With their leaders dead and their wages in danger, the troops hesitated, struck by Alexander’s new announcement. It was a very different situation from the mutiny at the Beas. There too, Alexander had threatened to march on without them, but they had known they were indispensable. This time, they had challenged him to disband them and he had shown every sign of being prepared to do so. Many officers heard their rank was passing to Iranians, a hint that they too had sympathized with the mutiny. Alexander’s close friends stood against them, and this they could not break. Threatened men, they took fright:

They ran to the royal quarters and threw down their weapons before the doors, as a fervent entreaty to their king; then they stood and began to shout to be allowed inside; they promised they would give up the instigators of the mutiny; they would not depart from the doors, day or night, until Alexander took pity on them.

Not for the last time in history, a group of agitators had led a majority where it wished it had never gone.

Alexander ‘came out rapidly, and when he saw their imploring attitude and heard how many were crying and lamenting, he too began to shed tears’. An elderly Hipparch of the Companion Cavalry came forward to voice the men’s entreaties. Persians, he said, had been made Alexander’s Royal Kinsmen with the traditional right to kiss the King, but ‘no Macedonian has yet sampled such an honour’. Alexander replied that from that day onwards, he called them all his kinsmen, widening a title to please them in the best tradition of the Macedonian kings, whereupon ‘the Hipparch came forward to kiss him, as did any others who wished to do likewise. Then they took up their weapons, shouted and raised the song of victory on the way back to camp.’ Master of the moment, Alexander followed up his success with a judicious festival: he offered sacrifice to the usual gods, Ammon, therefore, included, and announced a public banquet for the senior members of the court and army.
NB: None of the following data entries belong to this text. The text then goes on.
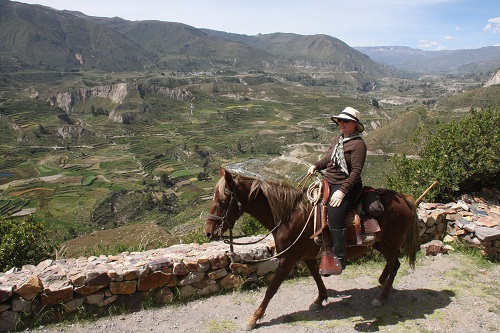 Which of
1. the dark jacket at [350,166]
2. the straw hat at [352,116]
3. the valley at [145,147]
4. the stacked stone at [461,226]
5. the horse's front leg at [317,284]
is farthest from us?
the valley at [145,147]

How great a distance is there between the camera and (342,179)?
18.2 ft

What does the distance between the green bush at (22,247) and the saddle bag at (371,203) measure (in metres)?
7.20

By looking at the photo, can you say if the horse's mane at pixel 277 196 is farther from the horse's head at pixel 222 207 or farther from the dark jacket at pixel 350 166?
the dark jacket at pixel 350 166

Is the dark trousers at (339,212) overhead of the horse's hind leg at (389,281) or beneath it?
overhead

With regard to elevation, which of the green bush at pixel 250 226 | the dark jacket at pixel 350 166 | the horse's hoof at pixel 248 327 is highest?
the dark jacket at pixel 350 166

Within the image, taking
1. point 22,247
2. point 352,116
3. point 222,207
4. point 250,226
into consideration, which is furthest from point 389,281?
point 22,247

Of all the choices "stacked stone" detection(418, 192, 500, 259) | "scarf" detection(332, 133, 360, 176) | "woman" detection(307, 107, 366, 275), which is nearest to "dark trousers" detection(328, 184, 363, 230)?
"woman" detection(307, 107, 366, 275)

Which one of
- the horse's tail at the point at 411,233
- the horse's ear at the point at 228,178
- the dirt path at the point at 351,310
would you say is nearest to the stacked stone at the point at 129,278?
the dirt path at the point at 351,310

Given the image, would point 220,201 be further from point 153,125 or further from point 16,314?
point 153,125

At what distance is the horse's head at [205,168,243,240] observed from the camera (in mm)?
5387

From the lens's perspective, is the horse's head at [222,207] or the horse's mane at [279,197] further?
the horse's mane at [279,197]

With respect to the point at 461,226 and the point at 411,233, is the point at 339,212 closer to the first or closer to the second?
the point at 411,233

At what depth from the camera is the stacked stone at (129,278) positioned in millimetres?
5566

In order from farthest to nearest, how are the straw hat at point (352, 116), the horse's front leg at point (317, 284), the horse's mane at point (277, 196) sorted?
the horse's front leg at point (317, 284)
the horse's mane at point (277, 196)
the straw hat at point (352, 116) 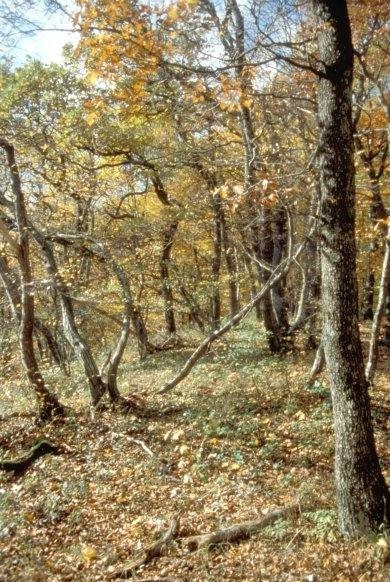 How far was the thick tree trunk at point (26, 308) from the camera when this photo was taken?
34.6 ft

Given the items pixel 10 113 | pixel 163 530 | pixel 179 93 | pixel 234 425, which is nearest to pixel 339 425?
pixel 163 530

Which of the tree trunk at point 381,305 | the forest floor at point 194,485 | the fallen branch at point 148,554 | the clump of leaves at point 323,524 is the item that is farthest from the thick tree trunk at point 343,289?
the tree trunk at point 381,305

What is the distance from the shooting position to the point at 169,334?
812 inches

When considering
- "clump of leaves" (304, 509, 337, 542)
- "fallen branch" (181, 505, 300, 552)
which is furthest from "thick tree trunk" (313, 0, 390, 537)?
"fallen branch" (181, 505, 300, 552)

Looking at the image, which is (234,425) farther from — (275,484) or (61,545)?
(61,545)

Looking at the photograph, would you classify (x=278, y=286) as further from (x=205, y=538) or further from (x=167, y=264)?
(x=205, y=538)

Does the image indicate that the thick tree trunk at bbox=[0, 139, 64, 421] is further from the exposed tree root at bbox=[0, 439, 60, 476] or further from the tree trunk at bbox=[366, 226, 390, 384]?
the tree trunk at bbox=[366, 226, 390, 384]

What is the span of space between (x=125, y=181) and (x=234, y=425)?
11.7 meters

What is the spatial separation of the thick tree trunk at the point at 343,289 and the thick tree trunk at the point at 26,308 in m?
7.30

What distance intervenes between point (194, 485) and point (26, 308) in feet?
19.9

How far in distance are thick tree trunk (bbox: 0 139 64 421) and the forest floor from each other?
590 mm

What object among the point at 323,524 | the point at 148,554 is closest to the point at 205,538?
the point at 148,554

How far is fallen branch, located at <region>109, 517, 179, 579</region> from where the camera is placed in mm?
5758

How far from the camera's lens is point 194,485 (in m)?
7.86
This banquet was planned with all Alexander’s inimitable sense of style. A feast was laid out on the grass and around him sat his senior Macedonians; in a circle outside sat Iranians: outside again, sat distinguished representatives of other tribes in the empire. It was a scene of merriment and ritual on the grandest scale: Greek priests and magi led the ceremonies in their own distinctive manner and presided over the libations which Alexander and those around him poured together, ladling their wine from the same huge bowl. Those outside followed suit, until shared conviviality was rounded off with a common prayer. Alexander, in their midst, prayed for ‘other blessings and for concord between the Macedonians and Persians and a sharing of the rule of the empire between them’. All the guests, to the number of 9,000, poured a common libation and accompanied it with a shout of triumph.

At this memorable moment the triumph was Alexander’s.

Soon afterwards, all such Macedonians as were too old or disabled to fight departed from him, but now, as volunteers; they numbered more than 10,000. Alexander gave them their full pay not only for their past service but also for the length of their journey home; in addition, he presented them with a talent’s bonus.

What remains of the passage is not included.